The first Rising Star, in 2004, was broadcast personality and pop music diva Unathi Nkayi.
She got her first break in 2001 as presenter and later producer of SABC’s hit show ‘Castle Loud’.
At the time of winning Rising Star, she was co-presenting YFM’s drive time show and had won a Sama Award for her music. In 2003, The Star voted her one of the 10 most influential South Africans in the media.
Nkayi says she was especially honoured to win Rising Star – and to share the cover of The Media in August 2004 with lifetime achiever and newspaper icon Gwen Gill.

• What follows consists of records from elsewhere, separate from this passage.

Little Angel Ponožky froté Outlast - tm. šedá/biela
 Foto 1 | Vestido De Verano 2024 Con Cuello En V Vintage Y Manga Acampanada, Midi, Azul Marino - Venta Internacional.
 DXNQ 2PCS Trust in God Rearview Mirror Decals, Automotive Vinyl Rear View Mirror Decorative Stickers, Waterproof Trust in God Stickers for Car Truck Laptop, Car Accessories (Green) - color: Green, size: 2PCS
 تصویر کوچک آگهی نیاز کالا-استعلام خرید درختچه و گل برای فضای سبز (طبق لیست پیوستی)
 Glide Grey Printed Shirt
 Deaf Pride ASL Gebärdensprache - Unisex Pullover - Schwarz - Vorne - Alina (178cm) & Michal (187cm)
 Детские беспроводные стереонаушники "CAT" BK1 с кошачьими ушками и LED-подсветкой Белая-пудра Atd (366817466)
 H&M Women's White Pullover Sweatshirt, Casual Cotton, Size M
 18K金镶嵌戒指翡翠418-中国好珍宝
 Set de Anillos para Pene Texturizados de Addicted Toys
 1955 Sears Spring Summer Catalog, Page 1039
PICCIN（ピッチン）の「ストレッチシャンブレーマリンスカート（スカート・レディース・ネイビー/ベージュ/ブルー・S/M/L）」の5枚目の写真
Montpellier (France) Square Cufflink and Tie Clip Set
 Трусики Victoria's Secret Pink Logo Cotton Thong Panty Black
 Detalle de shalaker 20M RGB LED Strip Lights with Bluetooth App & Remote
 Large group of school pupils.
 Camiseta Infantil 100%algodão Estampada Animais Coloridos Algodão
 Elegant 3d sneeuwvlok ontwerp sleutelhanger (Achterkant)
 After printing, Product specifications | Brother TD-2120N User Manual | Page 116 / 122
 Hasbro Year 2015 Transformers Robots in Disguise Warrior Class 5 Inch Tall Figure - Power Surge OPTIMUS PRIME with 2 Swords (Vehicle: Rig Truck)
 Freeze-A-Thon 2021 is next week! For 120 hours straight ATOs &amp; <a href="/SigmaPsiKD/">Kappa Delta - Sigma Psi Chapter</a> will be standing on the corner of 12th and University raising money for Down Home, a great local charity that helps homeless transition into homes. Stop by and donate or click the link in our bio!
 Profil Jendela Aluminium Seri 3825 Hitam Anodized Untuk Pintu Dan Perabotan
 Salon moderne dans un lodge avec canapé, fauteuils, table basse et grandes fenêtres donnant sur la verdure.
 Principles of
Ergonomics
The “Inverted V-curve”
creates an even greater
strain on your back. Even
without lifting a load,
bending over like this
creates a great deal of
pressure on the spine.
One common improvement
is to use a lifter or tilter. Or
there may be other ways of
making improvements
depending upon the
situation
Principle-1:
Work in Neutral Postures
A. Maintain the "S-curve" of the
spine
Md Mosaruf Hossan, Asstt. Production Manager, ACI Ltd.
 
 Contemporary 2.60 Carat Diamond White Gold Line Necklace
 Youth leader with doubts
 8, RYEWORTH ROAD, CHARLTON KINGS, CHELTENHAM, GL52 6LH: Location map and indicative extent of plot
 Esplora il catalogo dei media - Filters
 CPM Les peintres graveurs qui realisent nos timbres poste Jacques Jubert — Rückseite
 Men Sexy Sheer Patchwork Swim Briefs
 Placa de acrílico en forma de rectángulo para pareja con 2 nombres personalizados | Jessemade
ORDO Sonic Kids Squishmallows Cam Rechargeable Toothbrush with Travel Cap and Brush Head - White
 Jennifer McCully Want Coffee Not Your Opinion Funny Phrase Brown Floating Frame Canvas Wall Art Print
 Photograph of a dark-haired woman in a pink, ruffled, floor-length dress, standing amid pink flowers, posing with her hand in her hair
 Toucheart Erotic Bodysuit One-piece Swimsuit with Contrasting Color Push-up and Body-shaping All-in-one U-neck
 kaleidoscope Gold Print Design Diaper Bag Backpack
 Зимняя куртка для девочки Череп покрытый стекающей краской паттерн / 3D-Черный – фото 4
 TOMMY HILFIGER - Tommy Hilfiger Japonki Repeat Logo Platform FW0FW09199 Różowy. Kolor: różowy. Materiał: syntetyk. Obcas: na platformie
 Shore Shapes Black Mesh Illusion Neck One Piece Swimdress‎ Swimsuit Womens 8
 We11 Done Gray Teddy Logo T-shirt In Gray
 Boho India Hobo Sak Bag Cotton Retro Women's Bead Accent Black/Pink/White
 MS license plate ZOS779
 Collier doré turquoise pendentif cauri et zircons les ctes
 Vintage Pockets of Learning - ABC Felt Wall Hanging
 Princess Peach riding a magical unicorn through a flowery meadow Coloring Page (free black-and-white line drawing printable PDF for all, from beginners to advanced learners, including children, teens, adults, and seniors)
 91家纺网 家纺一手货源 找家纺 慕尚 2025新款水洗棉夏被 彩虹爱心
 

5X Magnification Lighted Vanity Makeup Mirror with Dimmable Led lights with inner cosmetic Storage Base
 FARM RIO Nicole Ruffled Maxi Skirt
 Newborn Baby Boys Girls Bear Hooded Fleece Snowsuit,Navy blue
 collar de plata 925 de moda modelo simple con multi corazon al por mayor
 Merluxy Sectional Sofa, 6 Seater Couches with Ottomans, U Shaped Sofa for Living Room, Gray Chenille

Nkayi is still a musician and her career highlights include twice supporting US singer John Legend, and receiving a standing ovation from the legendary Quincy Jones. She has recently been working on a live music DVD. She is also a partner in Lucky Bean Media, which produced both ‘MasterChef South Africa’. Nkayi was a judge on M-Net’s ‘Idols’ and a presenter on SABC’s ‘Popstars’. She is co-presenter with Glen Lewis on Metro FM’s morning drive. Together, they have boosted the show’s listenership.
2005
Tembisa Gebeda-Marele was a SABC Africa business journalist when she was honoured by the 2005 Rising Star award. “This made the people I was working with sit up and take notice,” she says. “It gave me impetus to go for things I would not otherwise have gone for.” She has hosted current affairs programmes, interviewed visiting heads of state and hosted parliamentary budget speeches.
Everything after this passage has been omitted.